Brief:
Only an exact copy belongs in the answer: the line with "DEMYLEE - Catarina" and every line after it through the end of the records, pictures left out.
*** Opening Dataset records ***
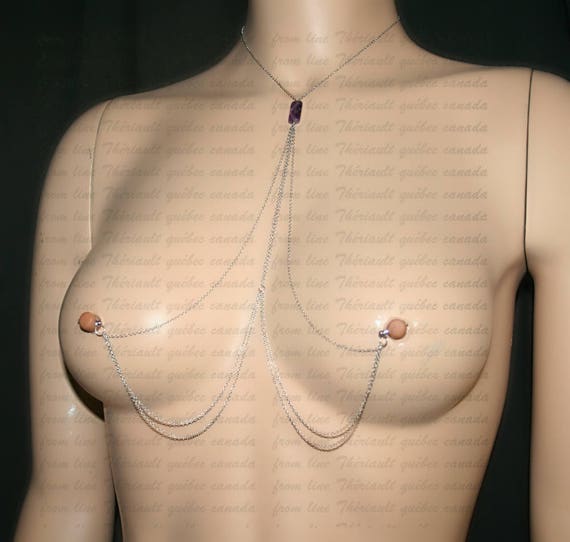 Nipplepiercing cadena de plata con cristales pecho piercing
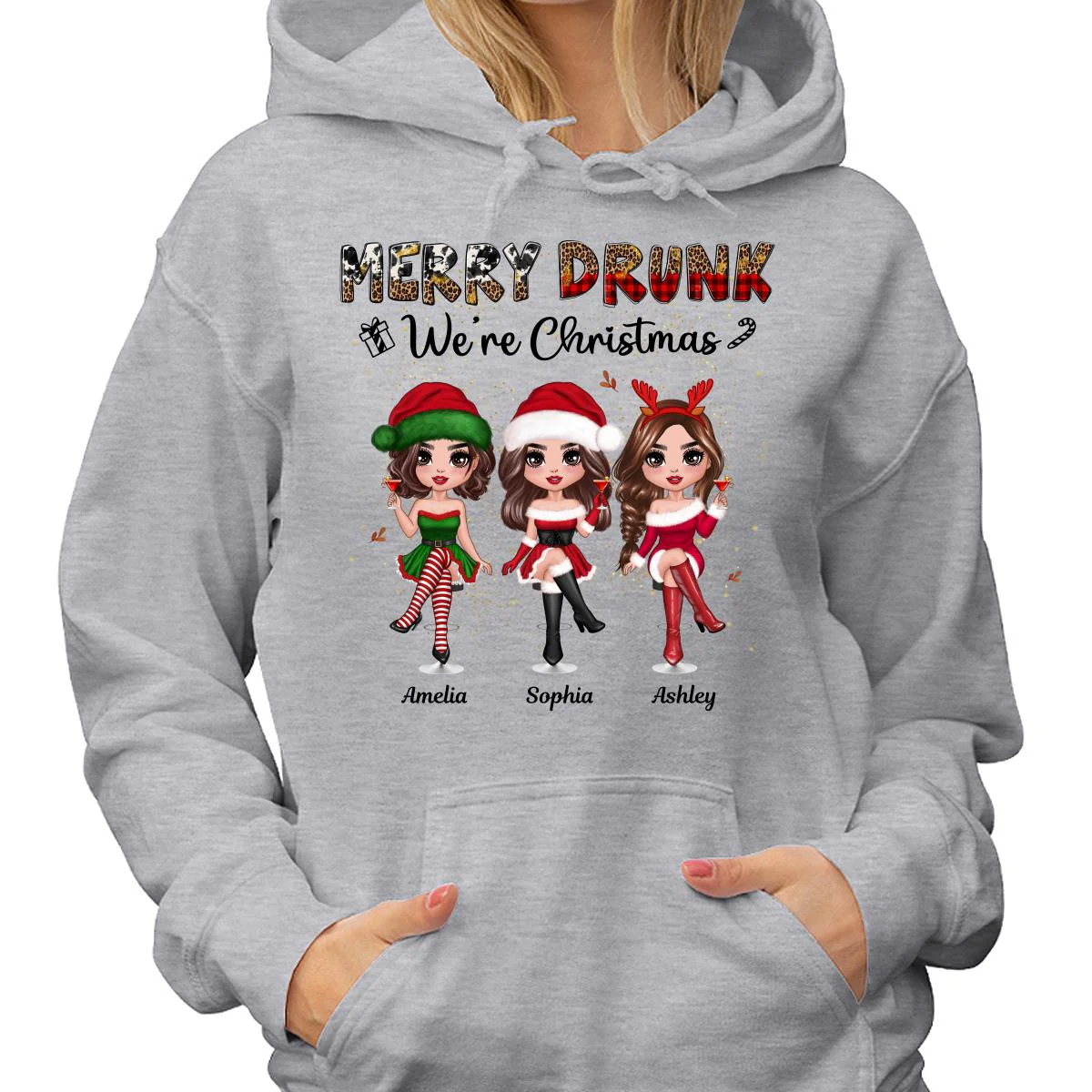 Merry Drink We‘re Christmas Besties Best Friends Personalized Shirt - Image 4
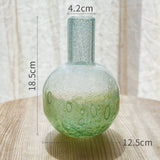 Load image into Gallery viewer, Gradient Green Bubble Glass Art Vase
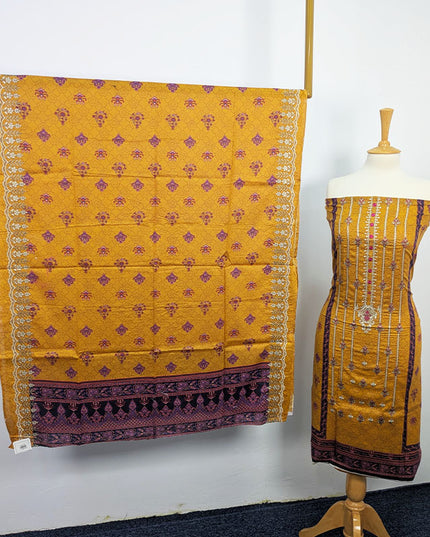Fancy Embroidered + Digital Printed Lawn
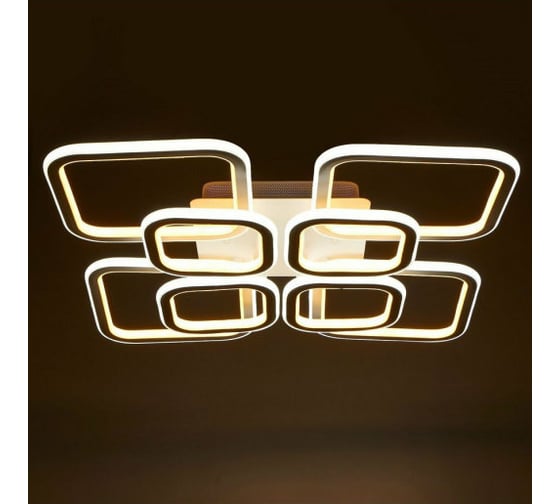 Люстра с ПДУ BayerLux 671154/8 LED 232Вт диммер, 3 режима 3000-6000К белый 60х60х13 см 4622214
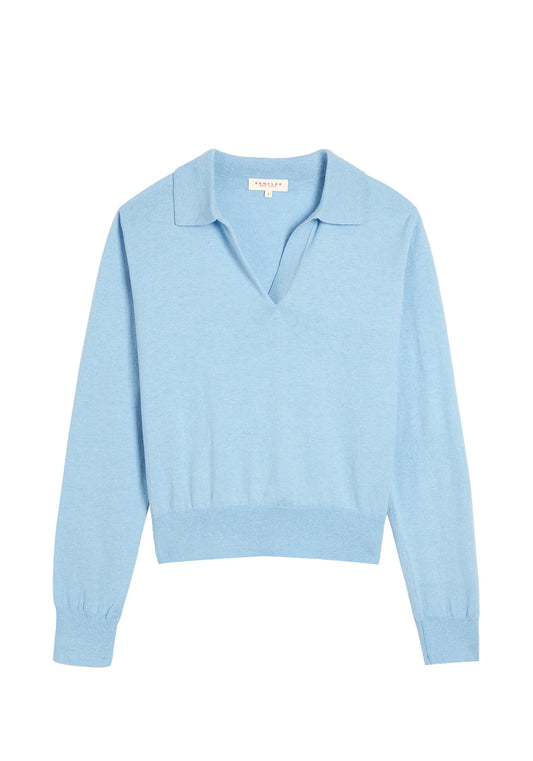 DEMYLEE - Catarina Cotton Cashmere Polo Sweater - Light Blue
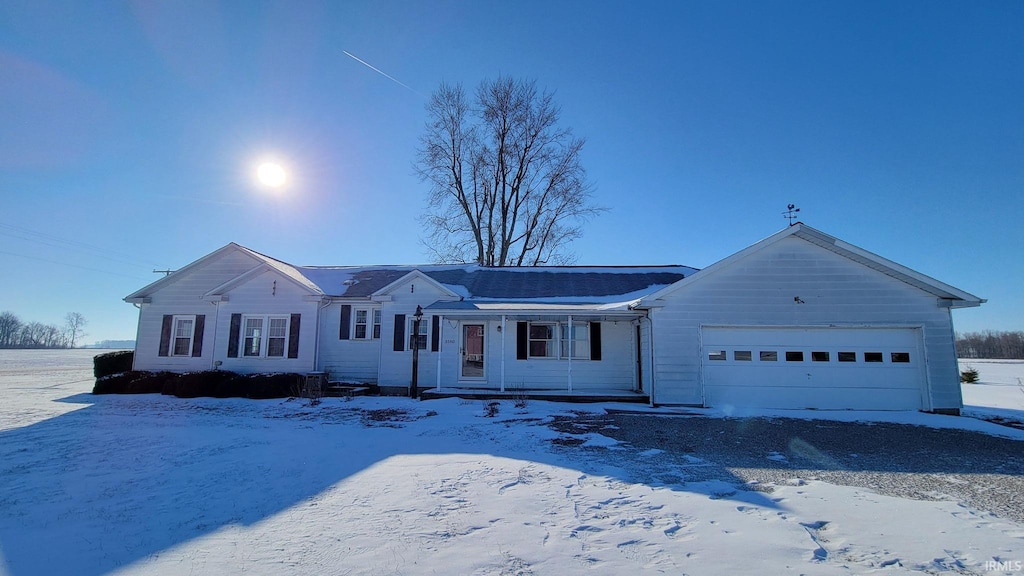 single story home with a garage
*** Closing Dataset records ***
Output for this exercise:
 DEMYLEE - Catarina Cotton Cashmere Polo Sweater - Light Blue
 single story home with a garage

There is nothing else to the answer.